Friday, December 07, 2007

07/12/07

this week have been real slow and rather tough on me. but yesterday i had lots of fun raiding 2 SIR hohoho!! it was my first time and it was rather exciting. i feel like a big shot HA!

and then as usual, today i did something stupid again and i'm wondering if i should have done it or not. word is spreading fast about me. i was just angry la, at that point of time.. however, i'm like and idol to my man now. haha... what i did, i should never do again but through this, one of my man (the ocs dropout one) said to me and as he said it, it sent goosebumps up my shoulders.

"all it takes is a catalyst for a revolution. you have just sparked something off and we'll follow ur steps in.........."

all it takes is a catalyst. what he said made a lot of sense. all it takes is you, or me. one person to hunger for God so much that there will be a visitation of His glory! and when His glory comes, IT WILL SPREAD LIKE A WILDFIRE AND PEOPLE ALL OVER WILL RISE UP! isn't this an amazing word from him? it stirred me up!

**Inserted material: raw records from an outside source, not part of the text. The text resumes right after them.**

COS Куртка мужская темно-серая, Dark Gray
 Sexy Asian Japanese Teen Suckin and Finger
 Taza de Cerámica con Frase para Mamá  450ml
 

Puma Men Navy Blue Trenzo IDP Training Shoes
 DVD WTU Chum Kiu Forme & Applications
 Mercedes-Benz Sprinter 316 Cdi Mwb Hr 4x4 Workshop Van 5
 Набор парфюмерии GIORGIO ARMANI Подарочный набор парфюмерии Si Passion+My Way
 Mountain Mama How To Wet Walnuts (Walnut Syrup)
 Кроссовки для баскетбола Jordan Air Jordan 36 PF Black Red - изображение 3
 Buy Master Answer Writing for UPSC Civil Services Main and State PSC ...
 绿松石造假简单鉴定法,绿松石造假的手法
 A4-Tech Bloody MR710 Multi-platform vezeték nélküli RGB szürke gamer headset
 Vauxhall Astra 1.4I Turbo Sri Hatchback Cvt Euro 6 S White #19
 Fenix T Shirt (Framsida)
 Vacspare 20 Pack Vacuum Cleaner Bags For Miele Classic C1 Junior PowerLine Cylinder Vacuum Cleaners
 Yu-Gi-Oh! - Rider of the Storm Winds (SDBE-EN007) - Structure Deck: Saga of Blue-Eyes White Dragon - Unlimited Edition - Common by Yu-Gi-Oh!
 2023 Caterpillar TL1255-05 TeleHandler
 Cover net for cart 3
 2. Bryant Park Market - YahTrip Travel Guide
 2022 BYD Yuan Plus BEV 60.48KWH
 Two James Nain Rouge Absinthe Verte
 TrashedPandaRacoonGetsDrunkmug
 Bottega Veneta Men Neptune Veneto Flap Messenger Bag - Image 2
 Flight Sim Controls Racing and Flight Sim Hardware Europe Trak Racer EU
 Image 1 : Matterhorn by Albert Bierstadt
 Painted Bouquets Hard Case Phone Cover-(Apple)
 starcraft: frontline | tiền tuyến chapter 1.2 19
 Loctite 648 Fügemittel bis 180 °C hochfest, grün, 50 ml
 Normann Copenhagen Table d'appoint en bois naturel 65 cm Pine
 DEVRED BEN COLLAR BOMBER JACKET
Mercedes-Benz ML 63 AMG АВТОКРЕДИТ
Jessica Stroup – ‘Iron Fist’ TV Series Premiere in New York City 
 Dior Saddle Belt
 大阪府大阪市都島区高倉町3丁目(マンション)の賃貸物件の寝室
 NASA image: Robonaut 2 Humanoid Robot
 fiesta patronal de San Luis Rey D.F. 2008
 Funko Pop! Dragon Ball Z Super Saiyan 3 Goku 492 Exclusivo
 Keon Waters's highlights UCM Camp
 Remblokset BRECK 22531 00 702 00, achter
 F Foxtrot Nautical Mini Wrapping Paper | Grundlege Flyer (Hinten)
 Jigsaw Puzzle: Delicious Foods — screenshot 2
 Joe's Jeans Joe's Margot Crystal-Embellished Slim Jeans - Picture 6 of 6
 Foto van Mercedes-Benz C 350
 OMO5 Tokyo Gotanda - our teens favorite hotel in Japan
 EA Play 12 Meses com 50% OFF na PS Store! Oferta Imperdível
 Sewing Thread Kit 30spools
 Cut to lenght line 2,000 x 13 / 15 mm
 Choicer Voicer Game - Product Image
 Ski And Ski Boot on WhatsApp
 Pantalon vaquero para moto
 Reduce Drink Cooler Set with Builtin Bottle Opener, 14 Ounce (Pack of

God used Him to remind me. all it takes is ONE person, dead in the flesh, from which the glory of God will manifest!

man, i stood there thanking God. and repented of what i did in the afternoon. what my senior did, awakened the berserker in me. a point where i am fearless, pumped up with new energy despite my tiredness and raging with anger. well, at least i have the respect of all my man.

they came up to me shook my hand and some pounded their chest saying "wah sergeant, i respect you. why didn't you beat him up!?" hahahaha! somehow, i felt encouraged and more at ease. my senior's just too full of himself and arrogant. but yea... i guess i had already forgave him from the moment my anger dissipated, i know i'll still treat him as a senior and friend with respect come this monday.